- Anacreon

History

United Kingdom
- Name: HMS Anacreon
- Namesake: Anacreon
- Ordered: 12 July 1805
- Builder: Initially: Owen, Ringmore, South Devon; Later:After Owen went bankrupt, master shipwright Joseph Tucker at Plymouth Dockyard completed the construction;
- Laid down: Initially:July 1809; Later:August 1810 After Owen's bankruptcy, what was on the stocks was taken apart and moved to Plymouth Dockyard, where work resumed;
- Launched: 1 May 1813
- Fate: Foundered without a trace in 1814

General characteristics
- Class & type: Revived Cormorant-class sloop
- Tons burthen: 42713⁄94 (bm)
- Length: Overall:108 ft 9 in (33.1 m); Keel:91 ft 1+3⁄8 in (27.8 m);
- Beam: 29 ft 8+1⁄4 in (9.0 m)
- Depth of hold: 9 ft 0 in (2.7 m)
- Complement: 121 (Royal Navy)
- Armament: Upper deck:16 × 32-pounder carronades; QD:6 × 18-pounder carronades; Fc:2 × 6-pounder chase guns + 2 × 18-pounder carronades;

= HMS Anacreon (1813) =

Sloop of the Royal Navy

HMS Anacreon had an extremely brief career. She was commissioned in early 1813 and was lost within a year.

==Career==
Commander John Davies supposedly commissioned her in May 1813, but she had apparently already been in service by then. On 9 April 1813 Eleanor Wilhelmina arrived at Yarmouth, Anacreon having detained her as she was sailing from North Bergen. Davies then sailed Anacreon for Lisbon on 3 August.

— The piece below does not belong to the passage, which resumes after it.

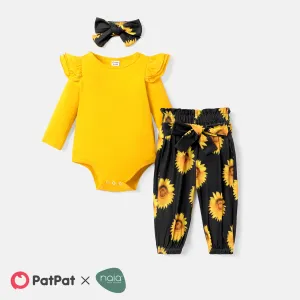 3pcs Baby Girl Solid Ruffle Trim Long-sleeve Romper and Sunflower Print Belted Naiaâ¢ Pants & Headband Set #226284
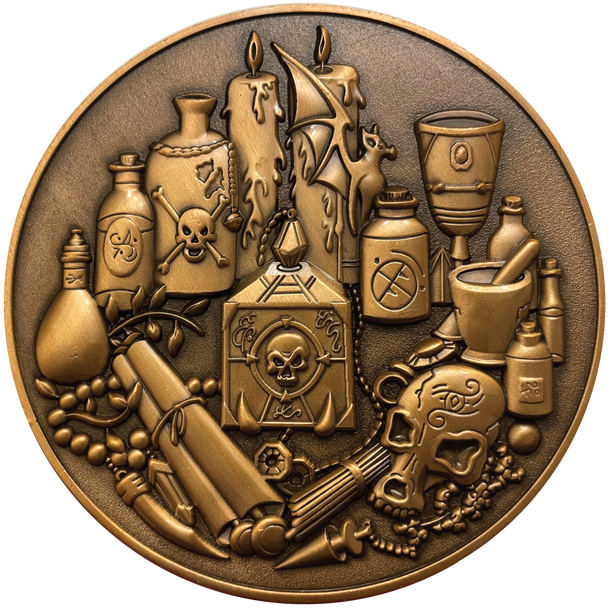 Copper metal coin showing spell supplies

On 1 February 1814 she recaptured the Spanish ship Nostra Senora del Carmen la Sirena. Late in January the French privateer Lion had captured three ships in all and plundered two, which she had permitted to go on to Lisbon. Anacreon had recaptured the third, Nostra Senora..., and then had set off in pursuit of the privateer. (Note: A first-class share of the salvage money for Nostra Senora... was worth £91 10s 4d; a sixth-class share, that of an ordinary seaman, was worth £1 19s 6d.)

==Loss==
Anacreon was last sighted on 28 February 1814 in the English Channel as she was returning from Lisbon. Soon thereafter, she disappeared without trace in a storm. All aboard were lost.